• [Exercise directions]: Give again, word for word, the line holding "Ideas For Holiday Party" and every line after it through the end of the data below. Omit pictures.

#### Data to process

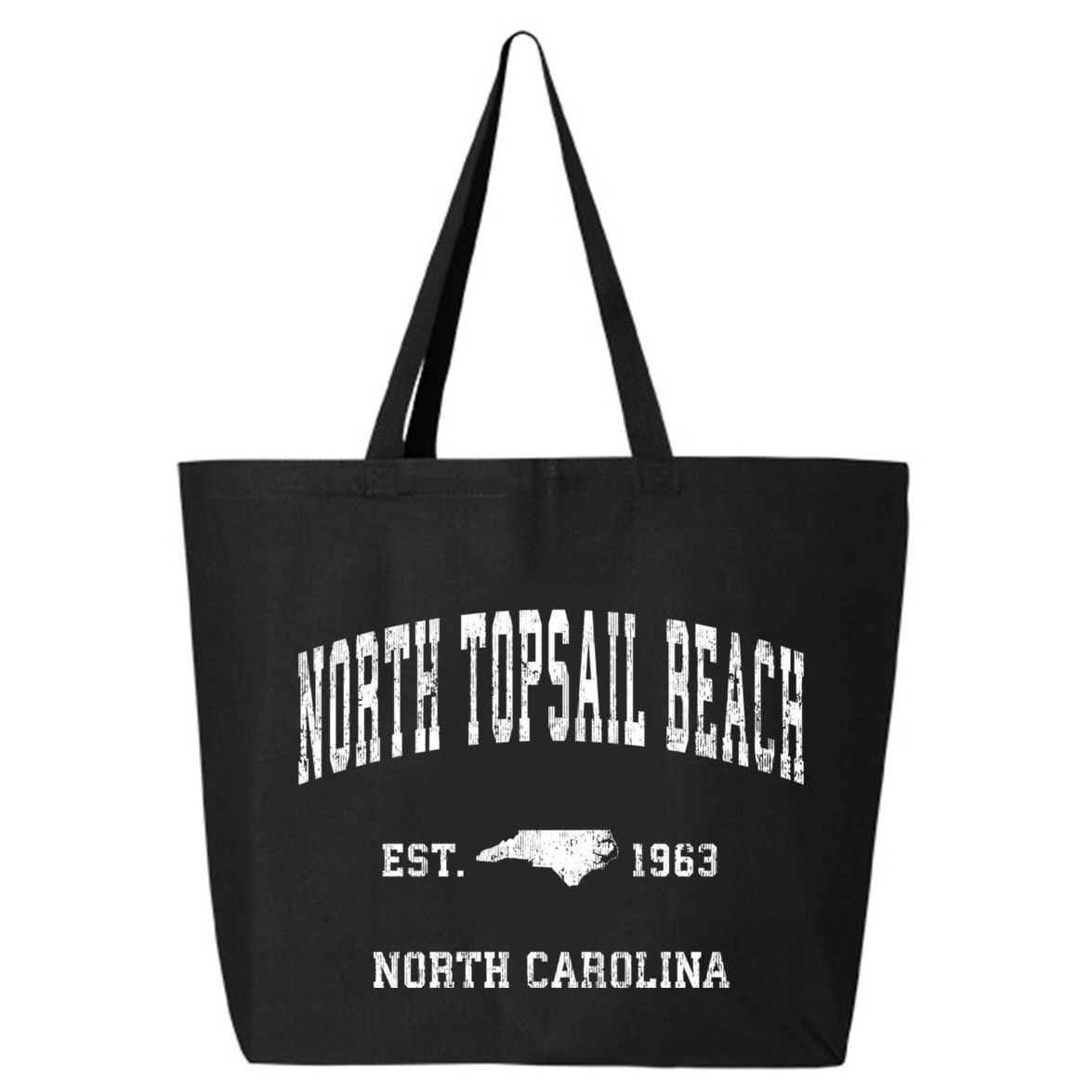 North Topsail Beach North Carolina Nc Vintage Athletic 25L Jumbo Tote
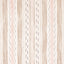 Schumacher Mirza Ikat Stripe Blush On Natural Fabric
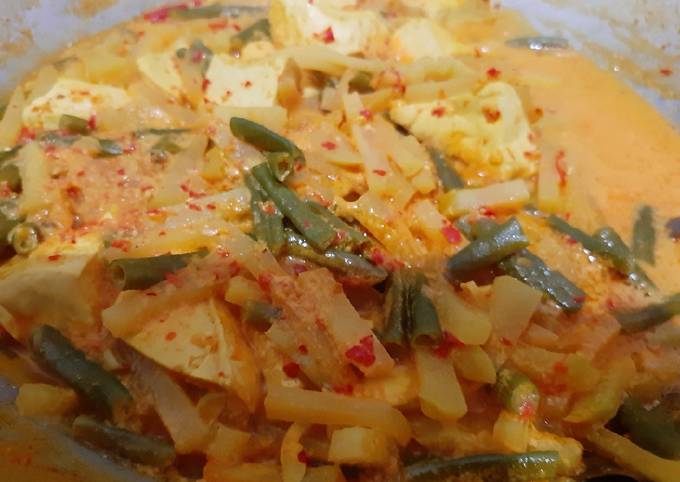 Resep Sayur Tahu Labu Kacang Panjang oleh dymasakin - Cookpad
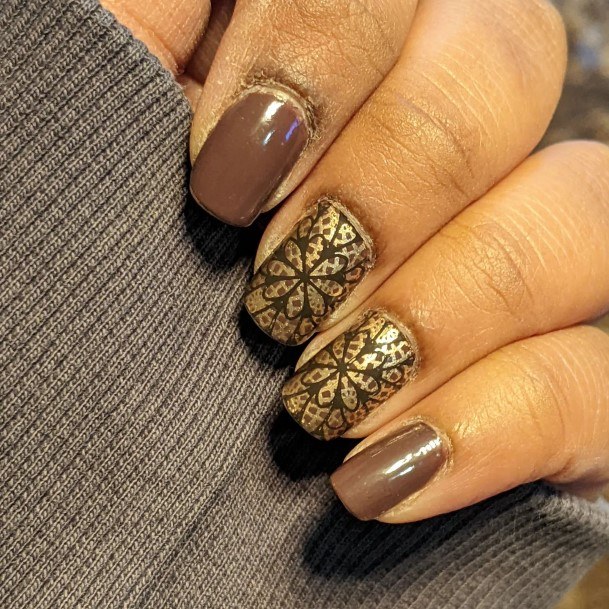 Impressive Ladies Chocolate Nail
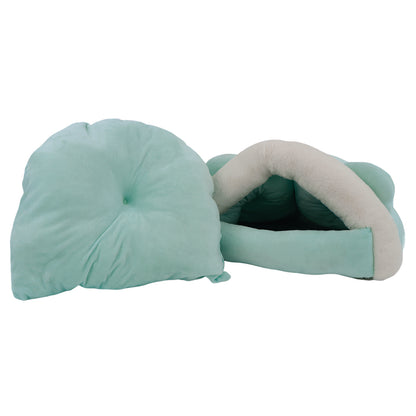Cama Cueva para Gatos Color Verde - Mediana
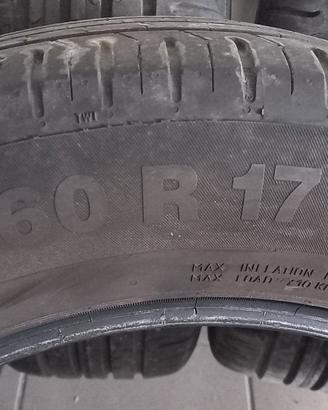 4 Gomme Continental estive 215/60 R17 H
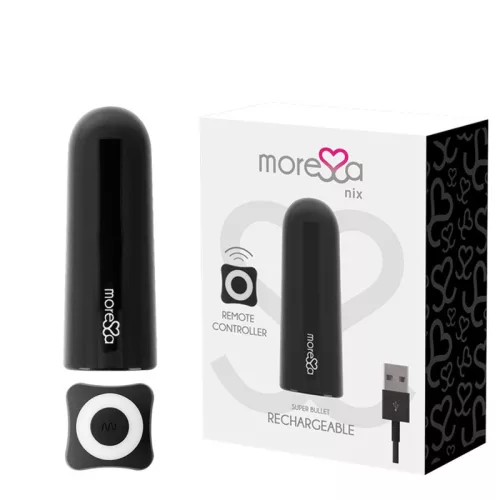 MORESSA NIX – távirányítós prémium vibrátor, fekete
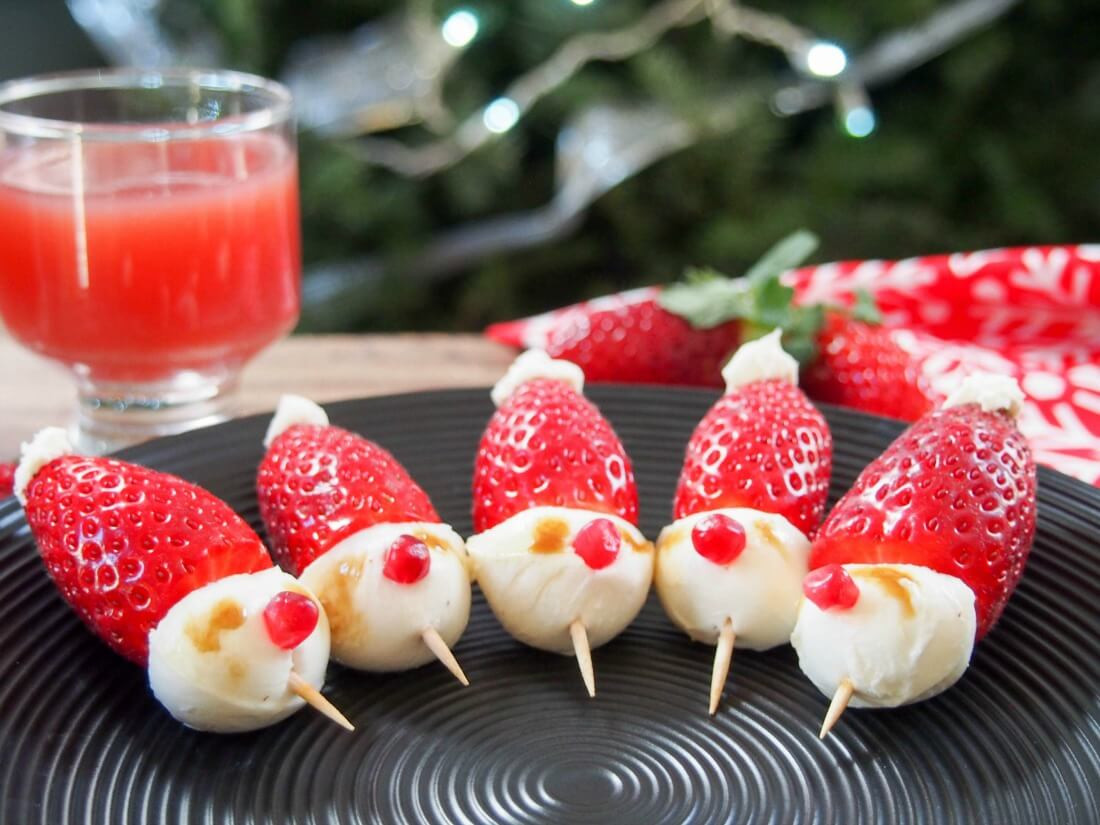 Ideas For Holiday Party
 Strawberry Santas and other easy Holiday party ideas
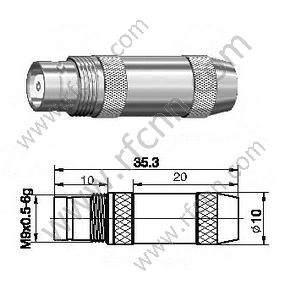 1.6 / 5.6 feminino para conector RG179 RF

########

• [Your response]:
 Ideas For Holiday Party
 Strawberry Santas and other easy Holiday party ideas
 1.6 / 5.6 feminino para conector RG179 RF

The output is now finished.